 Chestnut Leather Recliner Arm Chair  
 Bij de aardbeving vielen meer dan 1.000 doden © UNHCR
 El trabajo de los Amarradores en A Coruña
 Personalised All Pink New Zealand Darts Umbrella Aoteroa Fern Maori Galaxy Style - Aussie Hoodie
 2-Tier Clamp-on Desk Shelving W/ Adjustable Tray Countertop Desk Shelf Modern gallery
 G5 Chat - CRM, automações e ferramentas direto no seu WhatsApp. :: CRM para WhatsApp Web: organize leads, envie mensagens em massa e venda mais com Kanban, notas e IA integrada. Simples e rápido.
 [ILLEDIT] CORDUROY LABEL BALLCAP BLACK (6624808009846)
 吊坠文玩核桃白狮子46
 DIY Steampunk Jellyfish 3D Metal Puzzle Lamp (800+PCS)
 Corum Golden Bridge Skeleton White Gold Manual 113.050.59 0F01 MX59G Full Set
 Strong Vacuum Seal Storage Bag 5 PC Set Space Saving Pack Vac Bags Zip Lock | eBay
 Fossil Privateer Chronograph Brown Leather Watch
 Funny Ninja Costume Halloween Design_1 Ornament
※ ※ ※
All of the material is to be written out exactly.

 Chestnut Leather Recliner Arm Chair  
 Bij de aardbeving vielen meer dan 1.000 doden © UNHCR
 El trabajo de los Amarradores en A Coruña
 Personalised All Pink New Zealand Darts Umbrella Aoteroa Fern Maori Galaxy Style - Aussie Hoodie
 2-Tier Clamp-on Desk Shelving W/ Adjustable Tray Countertop Desk Shelf Modern gallery
 G5 Chat - CRM, automações e ferramentas direto no seu WhatsApp. :: CRM para WhatsApp Web: organize leads, envie mensagens em massa e venda mais com Kanban, notas e IA integrada. Simples e rápido.
 [ILLEDIT] CORDUROY LABEL BALLCAP BLACK (6624808009846)
 吊坠文玩核桃白狮子46
 DIY Steampunk Jellyfish 3D Metal Puzzle Lamp (800+PCS)
 Corum Golden Bridge Skeleton White Gold Manual 113.050.59 0F01 MX59G Full Set
 Strong Vacuum Seal Storage Bag 5 PC Set Space Saving Pack Vac Bags Zip Lock | eBay
 Fossil Privateer Chronograph Brown Leather Watch
 Funny Ninja Costume Halloween Design_1 Ornament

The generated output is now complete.